Flights Of Fancy
Monterey Airport's eatery is so out of it step with modern restaurant reality that it's ultra cool and in again.
Thursday, January 25, 2001
For some reason, maybe because flying is such a relatively modern phenomenon, airports possess a certain mystery. Watching giant mechanical birds filled with humans take flight and land is mind-boggling. And being close enough to hear the roar of the engines and feel the rumbling of everything around you is always exciting.
Giant, big-city airports are too overwhelming, blotting out all intimacy and understanding while bludgeoning travelers and visitors with ceaseless noise, unbreathable air and unrelenting stress. Friendly, small town, almost backward airports like Monterey''s are like a slice of American pie, presenting a downhome flavor profile of the particular area''s people and lifestyle.
I love the Monterey Airport. One of my favorite views of our heavenly place on Earth is from the top of Franklin, just outside the Monterey Presidio. Day or night provides a stunning, long view of the airport''s runways. I love to watch a plane pass overhead and then try to track it all the way to the runway. Sometimes I can hear the plane rev the reverse thrusters--or whatever they do when they pull that quick, slowdown maneuver.
So it was with great anticipation that I and the ever-magnificent Chickie Boom--who happened to be celebrating a birthday that night--headed over to the airport to dine at the Golden Tee Restaurant.
It was as cold a night as I have ever felt in Monterey. People--all smarter than we--were in their homes snuggling under throws, watching their favorite prime time shows, and sipping hot toddies. Me and the Sweet Thing were entering the magical Monterey Airport, pulling into short-term parking and digging the whimsical blue lights bordering the runway.
Plentiful parking places provided practically perfect placement for our land craft.
The side door leading from the rooftop parking area into the terminal takes you down a corridor presently decorated with great works of art by local school children. The theme is peace. Only children can express feelings and emotions so purely and profoundly.
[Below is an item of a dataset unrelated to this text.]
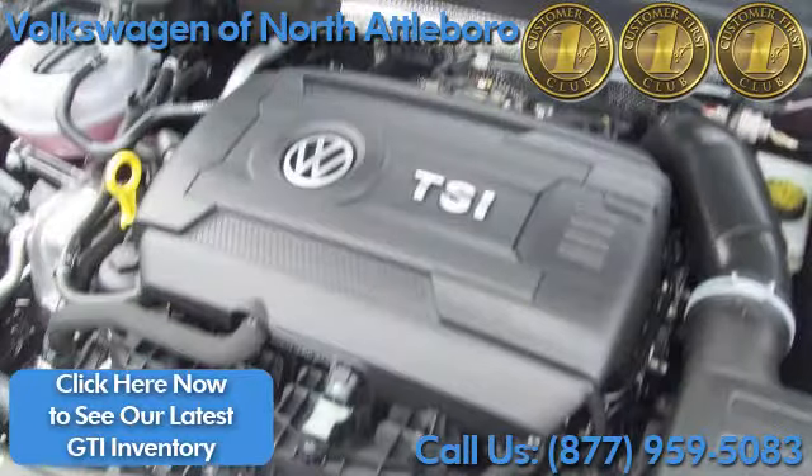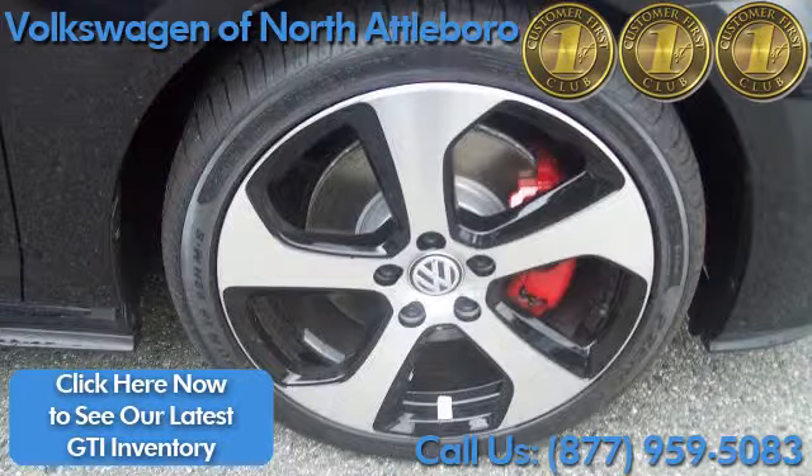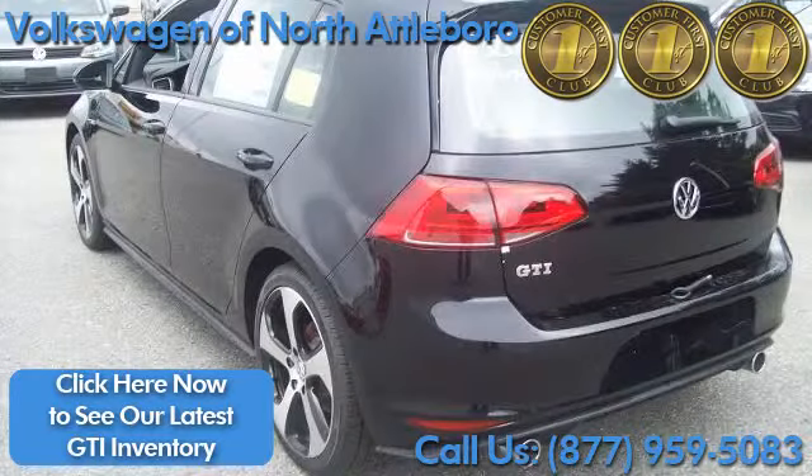A turbocharged 4-cylinder engine that pumps out 210 horsepower, with modern amenities you typically find in a much more expensive vehicle. Premium rims and sporty tires means better handling no matter what type of roads you're on — a sporty compact performance vehicle.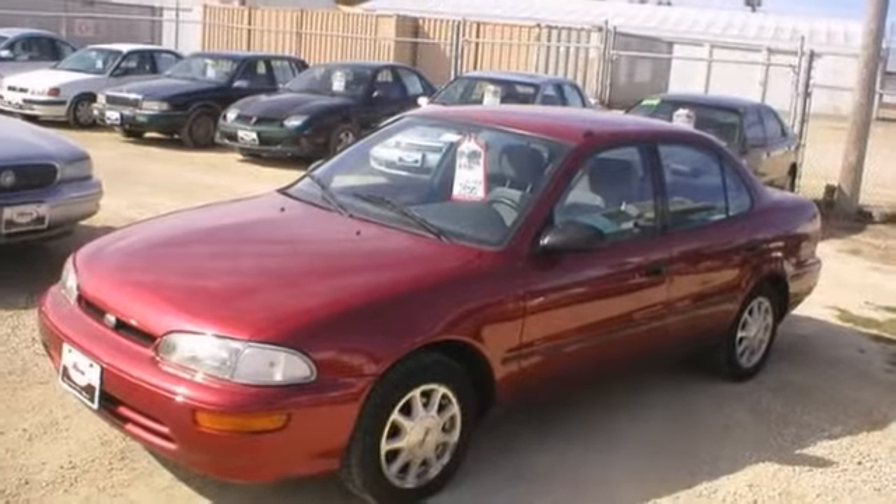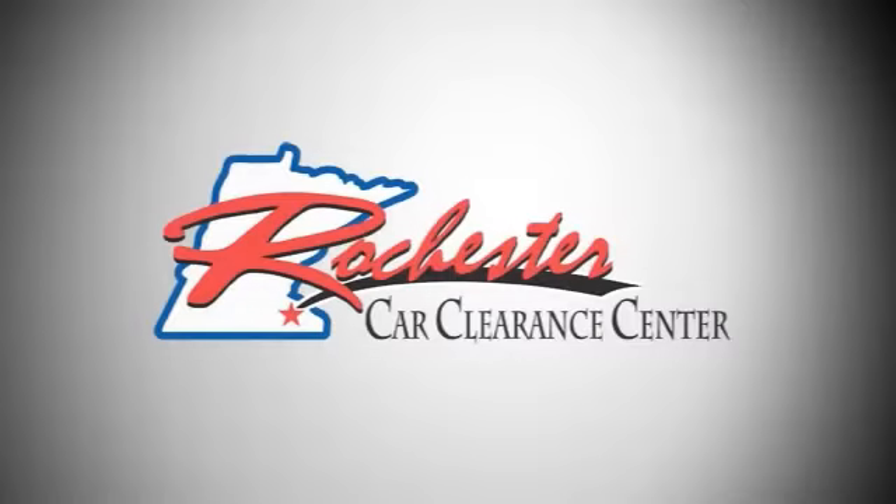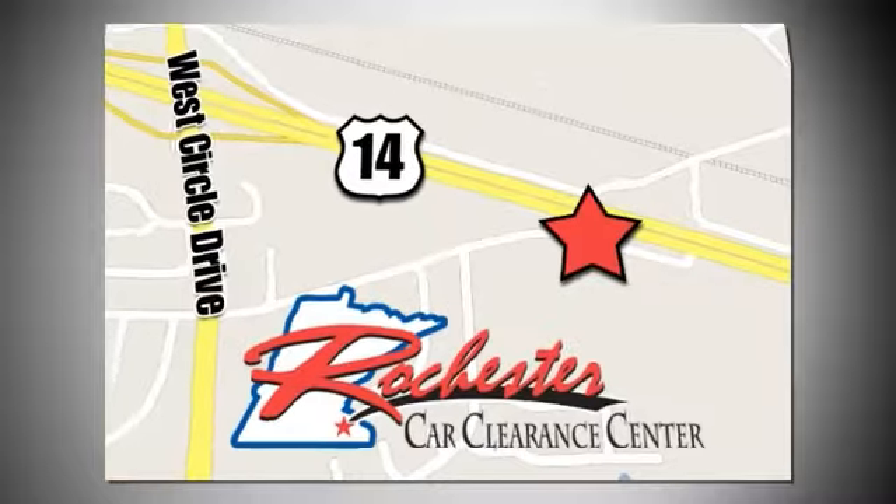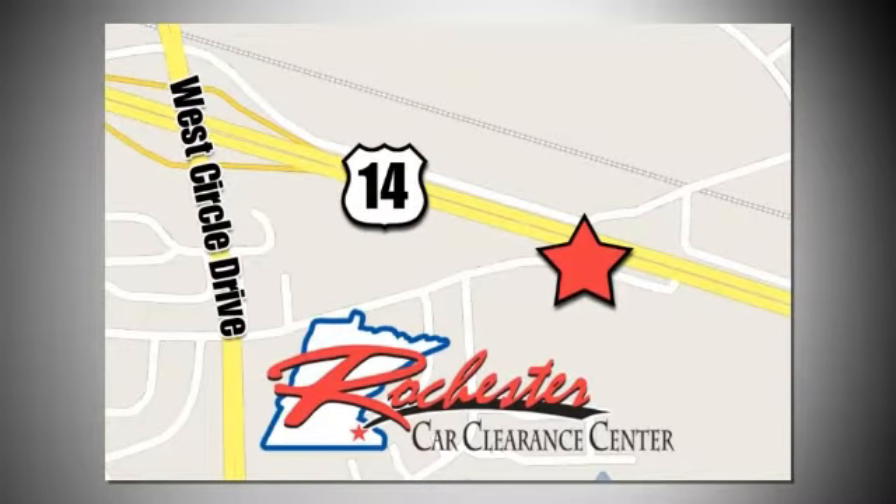Stop in today. At Rochester Car Clearance Center, you get our best price, bottom line. We are conveniently located on Highway 14 West, near West Circle Drive.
Now, considering how small Monterey Airport really is, it absolutely makes no sense that an actual restaurant and cocktail lounge is there in the first place. But there it is, serving locals and travelers alike for about a quarter century now.
Transported in Time
Walking into the Golden Tee is stumbling upon a world that time forgot, where everything is as it was once, is now and always will be. And that''s a good thing.
Happy-go-lucky waitresses with beehive hairdos who have logged a few hours on planet Earth greet and welcome you to their lair. Me and Chickie Boom arrived just a half hour before closing time and the enthusiastic workers made us feel like we were visiting our own private dining room.
Sitting in the center booth, looking out over the dreamy airstrip, sipping a martini and holding my Sweet Thing''s delicate hand--are you kidding me, what could be bad about that?
Jennie Evans, who has been working at the Golden Tee on and off during the whole run of the place, deftly moved us through the ordering process without rushing us. But her attitude toward us was very professional and she did keep us from lollygagging (what exactly is "lollygagging"?).
[Editor''s note: Lollygagging is "to waste time by puttering aimlessly"--sorta like what you''re doing right now. Get to the point, Raymond, for cryin'' out loud!]
The menu offers what you would expect to find in a fine restaurant on the Monterey Peninsula circa 1965. There are plenty of local fish dishes, a few Italian-style meals and the requisite meat dishes. Prime rib is a favorite, so I figured I''d go with that. Sweet Thing got the sand dabs and calamari combo.
Soup or fresh, very crisp, old-style salad comes with dinner. We both went for the generous salad. I was transported back 20 years to every dinner house in every small town in America. The nostalgic value alone is worth the price of admission to the Golden Tee.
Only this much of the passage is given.